§ **Task**
Copy the data below exactly. Any pictures in it should be omitted.

§ **Source data**
•••••

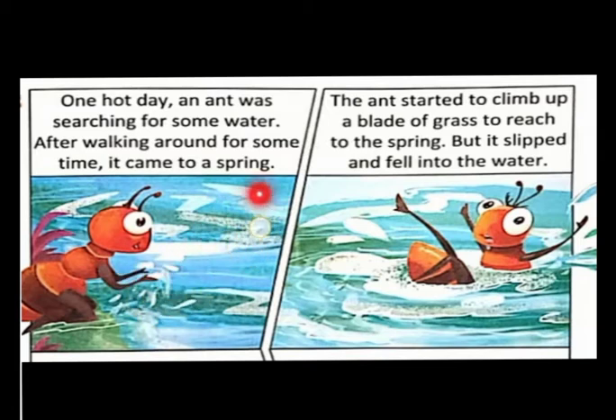The ant got very happy that now it will get a chance to drink water. The ant started to climb up a blade of grass to reach the spring. The ant thought that with the help of the grass it would reach the water, drink, and come out. But the ant slipped and fell into the water.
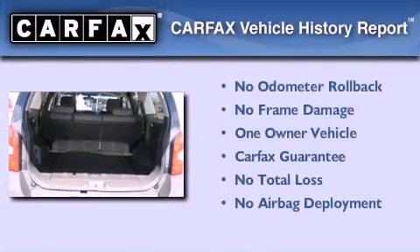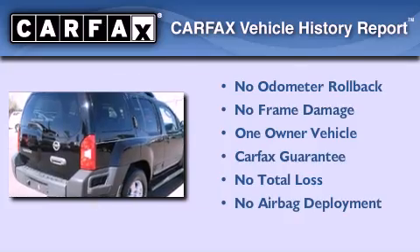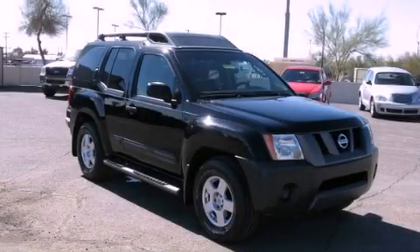This Nissan has had only one owner and it qualifies for the Carfax buy-back guarantee. Call now to find out how you can own this breathtaking automobile.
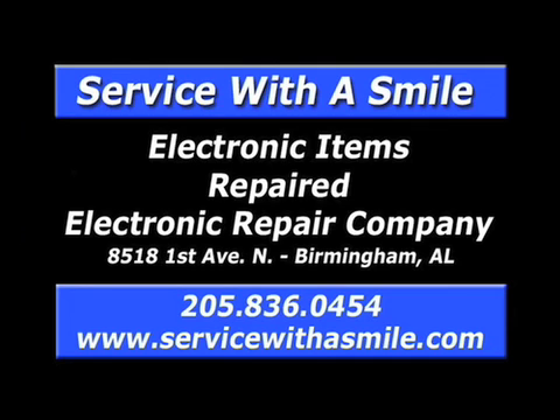ERC, quality service since 1972. Repairing TVs, console stereos, electronic musical instruments, pinball machines, arcade games and more. Call 836-0454.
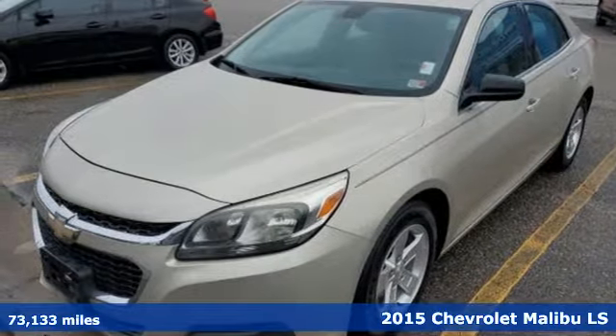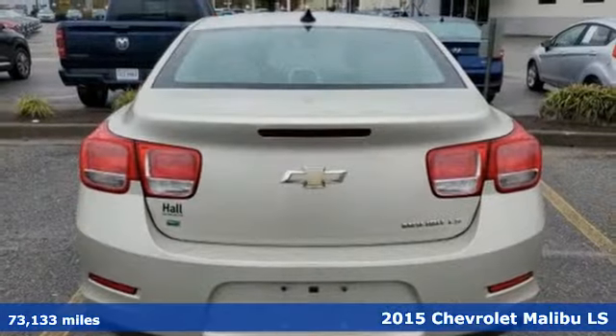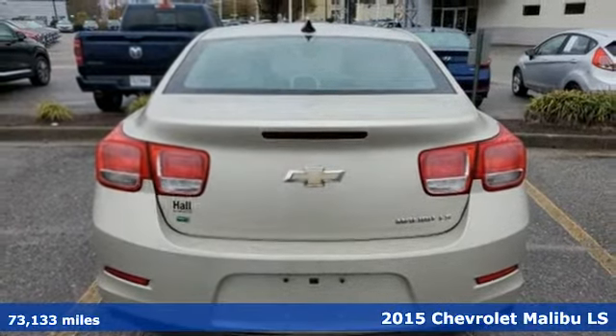Here's a 2015 Chevrolet Malibu. This sporty, riding, fuel-efficient Malibu is a perfect blend of form and function.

•••••

§ **Result**
The ant got very happy that now it will get a chance to drink water. The ant started to climb up a blade of grass to reach the spring. The ant thought that with the help of the grass it would reach the water, drink, and come out. But the ant slipped and fell into the water.
This Nissan has had only one owner and it qualifies for the Carfax buy-back guarantee. Call now to find out how you can own this breathtaking automobile.
ERC, quality service since 1972. Repairing TVs, console stereos, electronic musical instruments, pinball machines, arcade games and more. Call 836-0454.
Here's a 2015 Chevrolet Malibu. This sporty, riding, fuel-efficient Malibu is a perfect blend of form and function.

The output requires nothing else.